1Department of Restorative Dentistry, School of Dentistry, Universidade de São Paulo, São Paulo, Brazil
2A.C. Camargo Cancer Center, Stomatology Department, São Paulo, Brazil
3Post-Graduation Program in Dentistry, School of Dentistry, Ibirapuera University, São Paulo, Brazil
*Corresponding author:Maria Stella Moreira, Pos-Graduation Dentistry Program, Ibirapuera University Av. Interlagos, 1329-4º -Chácara Flora, ZIP code: 04661-100, São Paulo-SP, Brazil
Submission: February 15, 2021Published: April 05, 2021
The dentin-pulp complex responds to injuries and harmful stimuli that affect the tooth by depositing dentin matrix in order to protect the pulp tissue, maintaining tooth vitality.
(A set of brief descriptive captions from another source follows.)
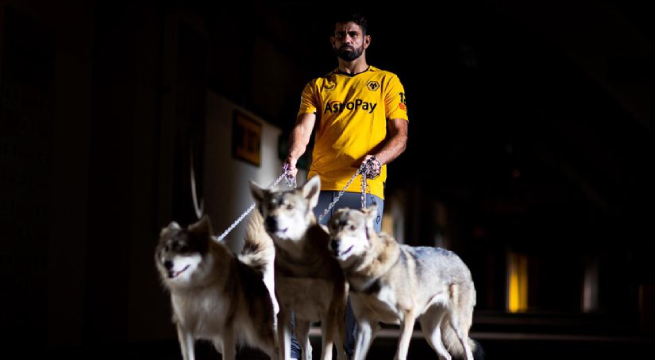 Costa estaba “muerto de miedo” manejando lobos en el vídeo de presentación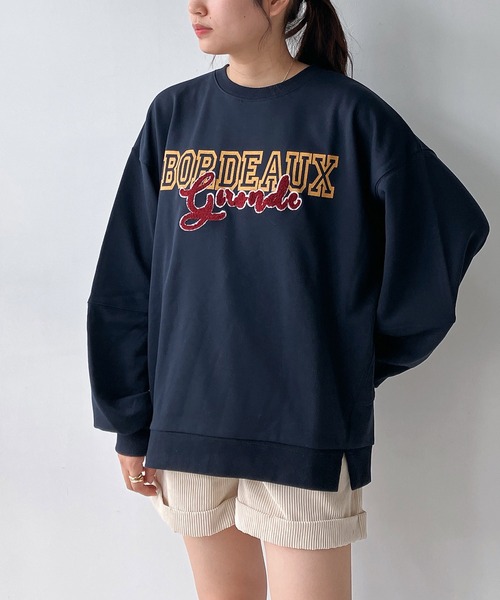 AS KNOW AS plus（アズノゥアズプラス）の「◇サガラ刺繍デザイン カレッジロゴスウェットプルオーバー（スウェット・レディース・アイボリー/ボルドー/ネイビー・FREE）」の10枚目の写真
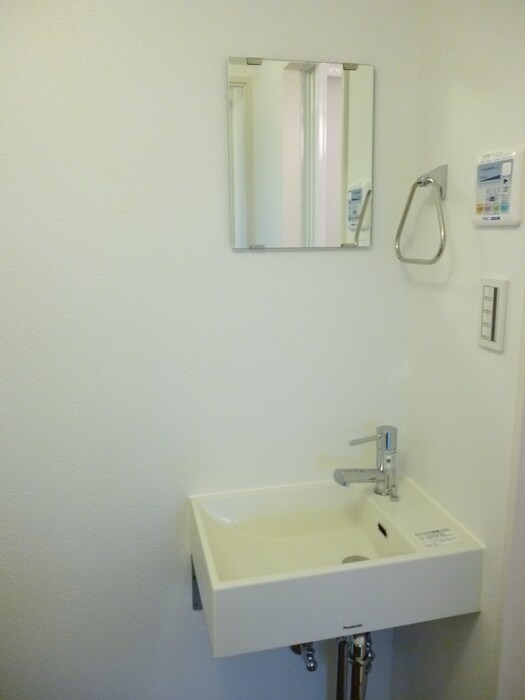 物件内観写真13　(洗面)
However, maintaining vitality after pulp tissue exposure is still a challenge in dentistry. In this sense, the re-emergence of vital pulp therapies gained strength, especially due to its biologically minimally invasive approach. Among them, direct pulp capping is considered a low invasive technique based on the placement of a dental material directly on the exposed pulp site, facilitating the formation of a protective barrier and the maintenance of pulp vitality. Calcium hydroxide was the most used material for this purpose in the last decades. However, the development of new biocompatible materials, such as MTA and Biodentine, has being related with higher rates of clinical and radiographic success, reinforcing the effectiveness of this treatment. Despite that, more randomized clinical trials and histomorphological analysis of the newformed hard tissue are still needed to assess the quality of this treatment in the long term.